Despite strong evidence supporting the renal benefits and safety of SGLT2 inhibitors, real-world utilization remains suboptimal.⁸ Local prescribing data from Malaysia (2021–2022) indicate a gap between evidence-based recommendations and routine clinical practice among eligible patients.⁸ Addressing this gap may allow more patients to benefit from long-term renal protection.⁸ As Dr. Bay noted, “Hopefully, as we move toward 2026, the use of SGLT2 inhibitors will increase, allowing more patients to benefit.”
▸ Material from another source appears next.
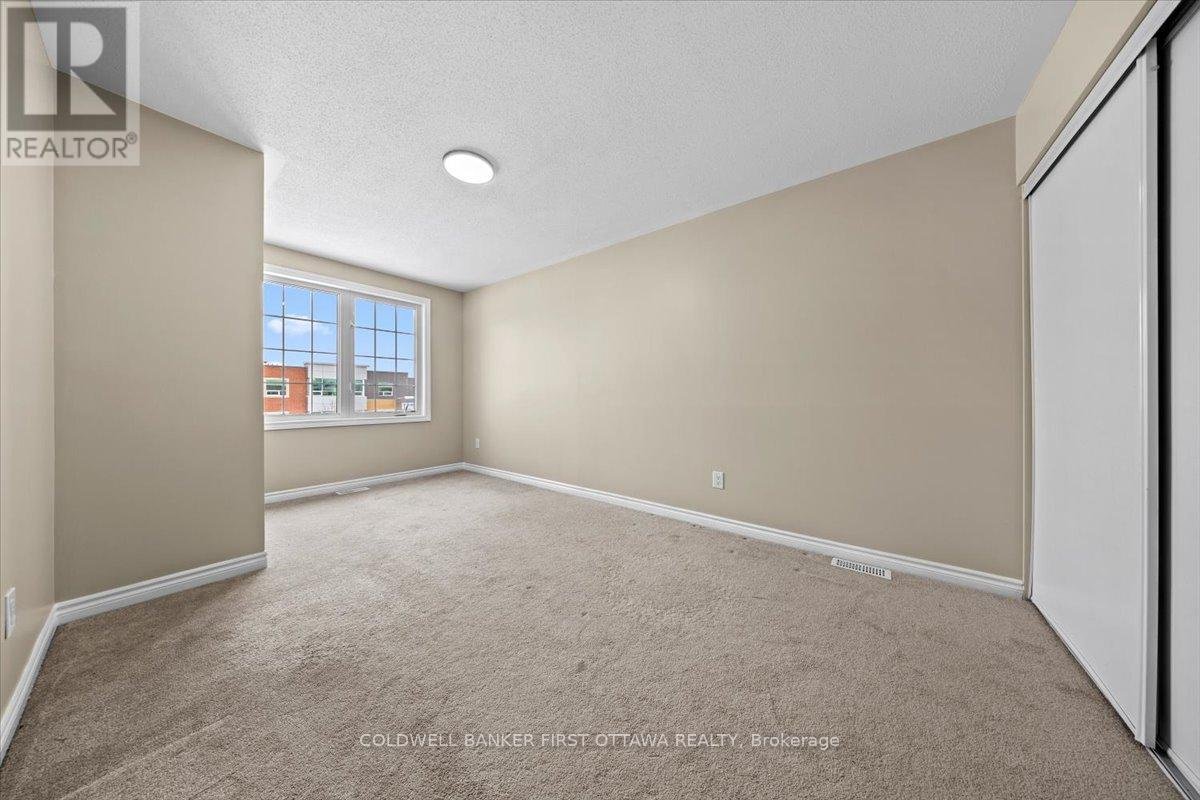 2445 RIVER MIST ROAD - Photo 17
Dr. Bay also cautioned on several limitations that should be considered when interpreting these findings. The retrospective design precludes causal inference, and key confounders, such as blood pressure control, heart failure severity, and the contribution of other therapeutic pillars, were not fully accounted for. Additionally, access constraints influenced patient selection, potentially biasing the cohort toward those at higher risk of disease progression. He further calls for larger, prospective real-world studies incorporating broader patient populations and multiple treatment pillars to better reflect the complexity of CKD management in routine practice.

Conclusion

Taken together, this pilot real-world study provides clinically relevant reassurance that SGLT2 inhibitors can be safely initiated in high-risk patients with CKD, with early changes in renal function that are predictable, modest, and stabilize over time.² These findings help contextualize early eGFR changes and support earlier and more confident use of SGLT2 inhibitors as part of comprehensive CKD care.² Dr. Bay further emphasized that the clinical impact of SGLT2 inhibitors is greatest when they are introduced early rather than reserved for advanced disease. “If we want to truly delay CKD progression, SGLT2 inhibitors should be initiated earlier, before patients reach the end of the disease spectrum.”